(Reuters) -Novavax Inc said on Wednesday it had completed the real-time submission of an application for the authorization of its COVID-19 vaccine candidate in the United Kingdom.
The submission is based on data from a late-stage trial involving 15,000 volunteers in the UK, showing that the experimental vaccine was 96.4% effective against the original coronavirus strain.
The application also includes data from a 30,000-person late-stage trial in the United States and Mexico, showing that the vaccine, NVX-CoV2373, demonstrated 100% protection against moderate and severe disease and 90.4% effectiveness overall.
The United Kingdom has so far administered enough vaccine doses to have fully vaccinated about 76.1% of the country's total population, according to a Reuters tally https://graphics.reuters.com/world-coronavirus-tracker-and-maps/countries-and-territories/united-kingdom.
However, cases have recently been on the rise and Prime Minister Boris Johnson said that the government will rely on vaccines rather than lockdowns to navigate a difficult winter.
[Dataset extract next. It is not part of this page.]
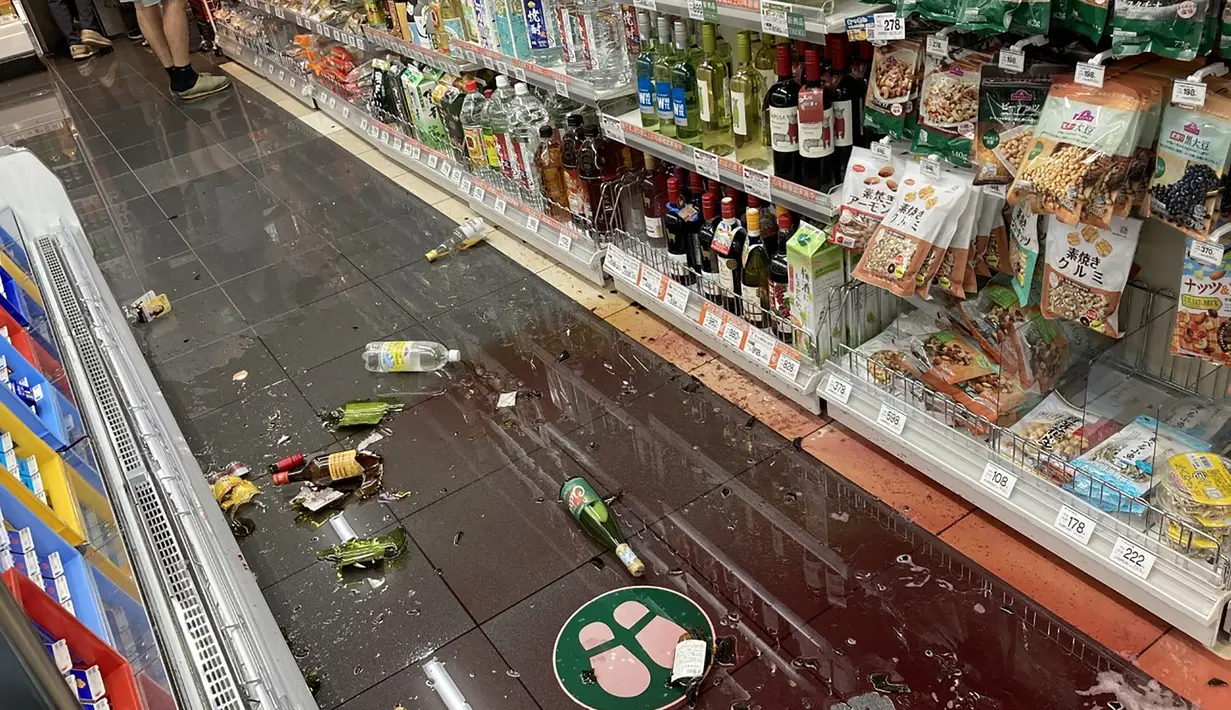 Barang-barang tergeletak di tanah di sebuah toko serba ada setelah gempa berkekuatan megnitudo 6,1 mengguncang ibu kota Tokyo dan sekitarnya di Jepang, Kamis (7/10/2021). (AFP/Jiji Press/STR)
Novavax in August pushed back its U.S. application timeline to the fourth quarter of this year from the third, saying the distribution of its vaccine will be initially prioritized to low-income countries, which still have an unmet need for primary vaccination doses.
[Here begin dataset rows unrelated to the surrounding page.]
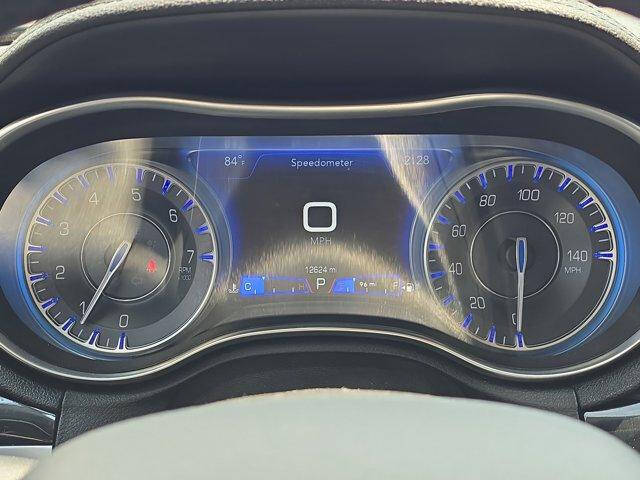 2023 Chrysler 300 Touring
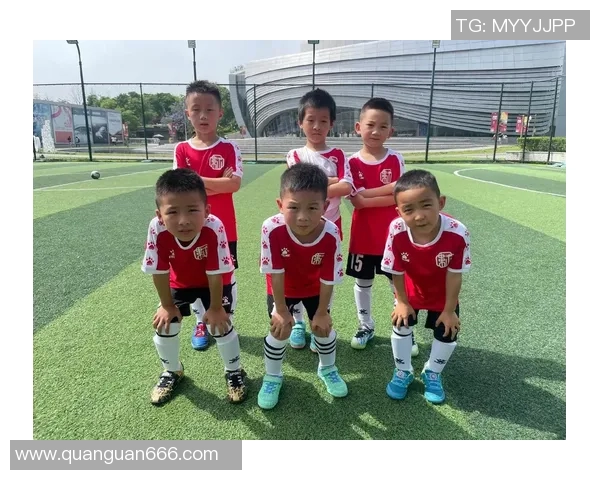 世界各地小孩足球明星的名字与他们的成长故事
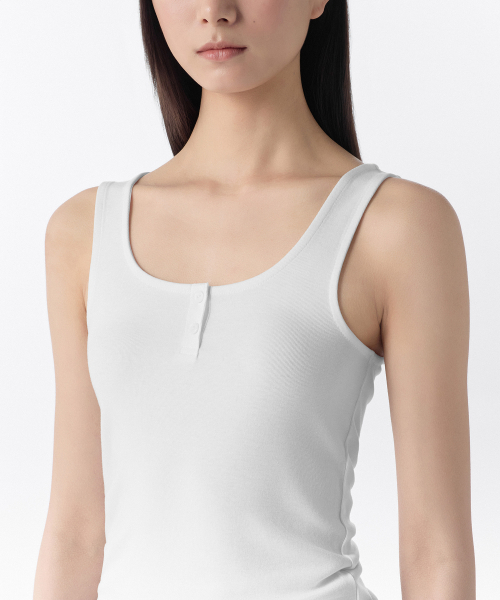 MUSINSA STANDARD WOMAN（ムシンサスタンダードウーマン）の「ウィメンズソフトジャージヘンリータンクトップ[ホワイト]（Tシャツ/カットソー・レディース・その他・SMALL/MEDIUM/LARGE/X-SMALL）」の4枚目の写真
Novavax said it now expects to submit the complete application seeking U.S. authorization by the end of the year.
The vaccine developer has been prioritizing regulatory submissions to low- and middle-income countries as it fell behind peers like Pfizer Inc, Moderna Inc and Johnson & Johnson in the race for authorization in the U.S. and Europe.
Last month, Novavax and its partner Serum Institute of India applied to the World Health Organization for an emergency use listing of Novavax's COVID-19 vaccine.
It has already filed for the shot's authorization in India, Indonesia and the Philippines.
Novavax said it now expects to complete additional regulatory filings in markets including Europe, Canada, Australia, New Zealand and to the World Health Organization soon.